Если теперь предмет отодвигается далее, то образуется область его поверхности, видимая обоими глазами одновременно, хотя тот и другой глаз видит ее каждый посвоему. Кроме того, у каждого глаза есть часть поверхности предмета, видимая только этому глазу и восполняющая поверхность, доступную другому глазу. При передаче зримого на изображении, необходимо, если мы хотим оставаться верными действительному опыту, — необходимо дать дополнительную поверхность предмета, явно противоречащую образу перспективному. При этом нельзя думать, будто эта дополнительная поверхность, даже при вышепредположенной полной неподвижности глаз и предмета, есть нечто пренебрегаемо малое.

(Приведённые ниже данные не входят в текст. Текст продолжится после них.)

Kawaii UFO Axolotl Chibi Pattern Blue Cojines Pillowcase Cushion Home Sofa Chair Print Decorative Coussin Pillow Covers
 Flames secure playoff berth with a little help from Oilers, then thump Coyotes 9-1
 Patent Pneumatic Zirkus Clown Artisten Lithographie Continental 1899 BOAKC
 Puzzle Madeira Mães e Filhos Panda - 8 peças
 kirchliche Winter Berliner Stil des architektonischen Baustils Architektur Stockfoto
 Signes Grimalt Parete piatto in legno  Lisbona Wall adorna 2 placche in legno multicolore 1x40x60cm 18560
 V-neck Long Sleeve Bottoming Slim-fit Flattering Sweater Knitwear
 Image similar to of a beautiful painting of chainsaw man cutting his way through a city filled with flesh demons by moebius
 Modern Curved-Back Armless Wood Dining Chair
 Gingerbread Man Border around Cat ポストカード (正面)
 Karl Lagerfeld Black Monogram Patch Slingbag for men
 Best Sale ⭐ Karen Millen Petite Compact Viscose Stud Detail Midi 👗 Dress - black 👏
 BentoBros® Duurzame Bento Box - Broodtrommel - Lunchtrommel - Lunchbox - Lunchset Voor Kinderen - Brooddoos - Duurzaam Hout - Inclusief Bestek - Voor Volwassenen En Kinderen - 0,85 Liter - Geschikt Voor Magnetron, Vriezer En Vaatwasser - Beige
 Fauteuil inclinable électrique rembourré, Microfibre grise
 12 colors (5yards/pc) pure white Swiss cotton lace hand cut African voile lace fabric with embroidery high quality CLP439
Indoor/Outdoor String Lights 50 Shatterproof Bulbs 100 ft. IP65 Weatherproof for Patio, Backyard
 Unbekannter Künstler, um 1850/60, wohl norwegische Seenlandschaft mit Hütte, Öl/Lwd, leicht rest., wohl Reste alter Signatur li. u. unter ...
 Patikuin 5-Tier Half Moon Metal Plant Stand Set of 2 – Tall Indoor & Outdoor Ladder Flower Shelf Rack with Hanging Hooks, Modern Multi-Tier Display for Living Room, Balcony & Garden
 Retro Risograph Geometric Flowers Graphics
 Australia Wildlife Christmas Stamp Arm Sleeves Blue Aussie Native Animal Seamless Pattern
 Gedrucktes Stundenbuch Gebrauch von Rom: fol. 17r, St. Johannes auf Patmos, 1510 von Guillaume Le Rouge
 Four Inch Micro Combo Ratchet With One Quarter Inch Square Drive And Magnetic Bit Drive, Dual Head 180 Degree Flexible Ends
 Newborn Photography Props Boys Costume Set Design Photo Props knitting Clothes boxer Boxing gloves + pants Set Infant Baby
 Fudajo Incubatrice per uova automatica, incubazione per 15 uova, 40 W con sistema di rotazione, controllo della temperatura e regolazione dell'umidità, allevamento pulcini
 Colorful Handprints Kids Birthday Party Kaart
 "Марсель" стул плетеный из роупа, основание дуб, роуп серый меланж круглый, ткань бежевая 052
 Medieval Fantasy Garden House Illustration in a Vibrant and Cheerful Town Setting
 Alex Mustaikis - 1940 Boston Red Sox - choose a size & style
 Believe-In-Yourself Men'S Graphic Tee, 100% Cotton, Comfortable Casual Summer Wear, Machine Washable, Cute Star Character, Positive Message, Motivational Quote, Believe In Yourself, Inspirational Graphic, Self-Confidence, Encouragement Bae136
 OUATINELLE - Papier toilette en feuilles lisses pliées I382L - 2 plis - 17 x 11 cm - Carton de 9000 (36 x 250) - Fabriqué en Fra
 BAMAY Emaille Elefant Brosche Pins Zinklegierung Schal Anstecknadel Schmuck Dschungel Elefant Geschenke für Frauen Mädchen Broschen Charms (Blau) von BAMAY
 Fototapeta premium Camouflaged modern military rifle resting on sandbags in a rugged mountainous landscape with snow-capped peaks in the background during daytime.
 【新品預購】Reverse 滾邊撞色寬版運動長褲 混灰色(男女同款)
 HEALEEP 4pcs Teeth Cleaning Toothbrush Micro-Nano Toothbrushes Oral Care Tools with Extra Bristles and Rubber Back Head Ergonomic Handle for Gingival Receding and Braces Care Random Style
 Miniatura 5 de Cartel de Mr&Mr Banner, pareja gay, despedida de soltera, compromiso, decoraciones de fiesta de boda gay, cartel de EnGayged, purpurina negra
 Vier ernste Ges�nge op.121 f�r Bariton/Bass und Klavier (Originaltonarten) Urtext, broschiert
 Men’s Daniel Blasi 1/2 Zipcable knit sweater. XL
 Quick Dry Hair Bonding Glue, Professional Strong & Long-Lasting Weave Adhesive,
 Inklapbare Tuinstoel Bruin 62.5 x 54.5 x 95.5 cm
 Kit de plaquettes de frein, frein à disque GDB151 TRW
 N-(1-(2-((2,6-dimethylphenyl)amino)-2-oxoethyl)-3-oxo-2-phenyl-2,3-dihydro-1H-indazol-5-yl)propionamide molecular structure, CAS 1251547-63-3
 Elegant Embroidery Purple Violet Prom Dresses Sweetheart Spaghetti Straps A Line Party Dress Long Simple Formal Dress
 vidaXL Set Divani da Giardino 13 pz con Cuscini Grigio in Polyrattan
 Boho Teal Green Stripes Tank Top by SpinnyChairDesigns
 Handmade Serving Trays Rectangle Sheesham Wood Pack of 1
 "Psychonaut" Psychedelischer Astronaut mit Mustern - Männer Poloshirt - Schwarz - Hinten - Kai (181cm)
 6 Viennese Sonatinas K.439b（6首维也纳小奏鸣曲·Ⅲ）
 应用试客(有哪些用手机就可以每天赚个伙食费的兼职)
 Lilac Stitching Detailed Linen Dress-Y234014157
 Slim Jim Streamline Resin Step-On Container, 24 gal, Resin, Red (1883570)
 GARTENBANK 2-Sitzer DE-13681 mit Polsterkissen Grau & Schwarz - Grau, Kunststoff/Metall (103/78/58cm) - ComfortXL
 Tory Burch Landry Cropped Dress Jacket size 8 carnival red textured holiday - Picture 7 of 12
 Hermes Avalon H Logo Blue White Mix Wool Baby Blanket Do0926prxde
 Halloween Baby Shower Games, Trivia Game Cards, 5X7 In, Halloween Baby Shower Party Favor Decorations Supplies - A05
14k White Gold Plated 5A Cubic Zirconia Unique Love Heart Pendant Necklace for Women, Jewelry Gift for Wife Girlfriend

В виде примера сделаем подсчет для шара радиусом 10 см и в расстоянии 50 см от глаз. Пусть расстояние между двумя точками зрения равно 6 см. Тогда в горизонтальном экваториальном сечении к сектору, видимому одним глазом с одной точки зрения, добавляется другим глазом примерно одна треть той же величины. Этот подсчет соответствует тому случаю, когда мы наблюдаем близкого к нам собеседника почти при неподвижности. До известной степени таковые же условия зрения при писании портретов, когда старались передать зрение недвижное. Указанная одна треть идет уже на прямое и явное опровержение перспективы даже в этом, нарочно и вопреки жизни подстроенном соотношении, наиболее благоприятном перспективе. Но жизнь, жизненные отношения, вообще говоря, вовсе не таковы. Точка зрения, точнее сказать, двойная точка зрения пары глаз, все время меняется, а образ, воспринимаемый нами непременно во времени, должен быть единым, т. е., иначе говоря, должен совместить в себе множество различных аспектов, объединяющих в себе каждый два аспекта, с двойной точки зрения. Наша голова подымается и опускается: следствием этого подымается и опускается горизонт, и это обстоятельство дает нам сознание простора по вертикали, как возможности подыматься и опускаться. Оценка высоты здания наиболее убедительна при таких подъемах и спусках, т. е. при смещениях горизонта. И потому, когда художник хочет передать нам архитектурный образ вместе с вызываемой им оценкою его высоты, то он неминуемо должен отказаться от перспективного требования единого горизонта. Если же требуется повысить эту оценку и внушить мысль о грандиозности и величии некоторого здания, то необходимо прибегнуть к мысленному опыту очень больших подъемов и опусканий, что ведет к значительному смешению горизонта. Эта сгущенность впечатления высоты достигается очень просто: поднятием горизонта нижней части изображения и опусканием горизонта верхней его части. Таков излюбленный прием целого ряда даже тех художников, которые, в общем правиле, перспективы старались держаться. Рембрандт, Поль Веронезе («Христос на пире у мытаря» и «Брак в Кане Галилейской»), Рафаэль («Афинская Школа», сравни также «Видение Иезекииля» и др.) достигали помощью него впечатления пышности и величия, изображая пространства вовсе не высокие, если делать промер аршином, а не созерцающим глазом.